After my marriage, our home at 573 East 3982 South was right near the ward boundary line.  We began attending the Millcreek First Ward; although we really belonged to the Second Ward.  Years later, when we expressed to our Stake President, James R. Clegg, our willingness to have our records changed to where they belonged, he told us we were needed in the First Ward.  When the ward boundaries were changed, he saw to it that our home was included within the First Ward.  Later, when ward boundaries were again changed, all our neighbors were placed within the boundaries of the First Ward.

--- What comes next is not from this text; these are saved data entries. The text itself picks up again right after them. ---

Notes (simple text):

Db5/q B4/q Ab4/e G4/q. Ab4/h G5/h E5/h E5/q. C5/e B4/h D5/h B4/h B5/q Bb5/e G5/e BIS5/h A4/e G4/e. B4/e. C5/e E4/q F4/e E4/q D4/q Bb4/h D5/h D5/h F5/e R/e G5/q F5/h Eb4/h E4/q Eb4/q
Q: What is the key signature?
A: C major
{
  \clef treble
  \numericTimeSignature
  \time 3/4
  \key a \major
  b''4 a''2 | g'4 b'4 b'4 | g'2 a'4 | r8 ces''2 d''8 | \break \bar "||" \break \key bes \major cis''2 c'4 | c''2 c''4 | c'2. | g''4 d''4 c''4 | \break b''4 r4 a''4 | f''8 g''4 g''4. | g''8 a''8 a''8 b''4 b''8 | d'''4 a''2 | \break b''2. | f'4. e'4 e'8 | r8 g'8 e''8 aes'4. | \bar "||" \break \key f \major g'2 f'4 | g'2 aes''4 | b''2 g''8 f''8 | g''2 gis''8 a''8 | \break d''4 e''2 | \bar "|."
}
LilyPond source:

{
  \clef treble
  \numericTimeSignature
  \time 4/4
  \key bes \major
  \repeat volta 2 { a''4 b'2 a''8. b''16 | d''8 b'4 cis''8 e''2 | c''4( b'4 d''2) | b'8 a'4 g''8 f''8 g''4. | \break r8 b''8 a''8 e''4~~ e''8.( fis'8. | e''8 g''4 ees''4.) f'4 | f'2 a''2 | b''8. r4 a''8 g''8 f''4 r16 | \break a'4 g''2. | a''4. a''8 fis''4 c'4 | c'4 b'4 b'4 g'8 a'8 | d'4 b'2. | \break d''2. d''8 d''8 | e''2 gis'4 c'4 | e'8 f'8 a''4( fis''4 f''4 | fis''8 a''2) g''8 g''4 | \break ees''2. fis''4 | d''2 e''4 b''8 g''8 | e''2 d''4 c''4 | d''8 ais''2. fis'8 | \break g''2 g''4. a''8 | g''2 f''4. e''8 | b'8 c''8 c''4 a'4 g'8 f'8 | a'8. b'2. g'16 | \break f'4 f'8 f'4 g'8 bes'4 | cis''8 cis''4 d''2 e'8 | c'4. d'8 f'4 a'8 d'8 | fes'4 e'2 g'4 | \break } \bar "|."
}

Just after we were married, Richard and I asked Bishop Green if we could serve as stake missionaries.  We were called and had some wonderful experiences, and witnessed several people accept the gospel.  Because neither of us had served a full time mission, we enjoyed this opportunity.  When Richard began selling Baby Mate furniture his nights were busy, and I had just given birth to our first child.  It became increasingly difficult for us to fulfill this calling, so were released and called to serve together on the Stake Sunday School Board.  The President, Bob Schofield, taught us that when we ran out of material we should close our meeting.  President C. Mark Wright set me apart and promised me that most of my posterity would be priesthood holders.

In the middle of my Dad’s final illness and eventual death, in 1964, Richard and I had been assigned to be in charge of the Millcreek First Ward’s Days of ’47 parade float.  We did not do very well with this assignment, partially because we were inexperienced in such matters, and also because we did not successfully enlist the help of other ward members (only three members came to help us). After taking three days off to go to Delta for the funeral, we were way behind schedule.  We rushed back after the funeral to put the finishing touches on the float.

In September 1964, I was called as a Primary teacher.  Thinking back to our early years, we did not fulfill our callings very well; but they served as stepping-stones of learning.  By learning from the mistakes we made we have tried to improve and build a stronger foundation upon which to serve.  As we have gotten older we have been a little more successful, but we still struggle with getting our hands around a new calling and trying to know how best to magnify that calling the way the Lord would have us do.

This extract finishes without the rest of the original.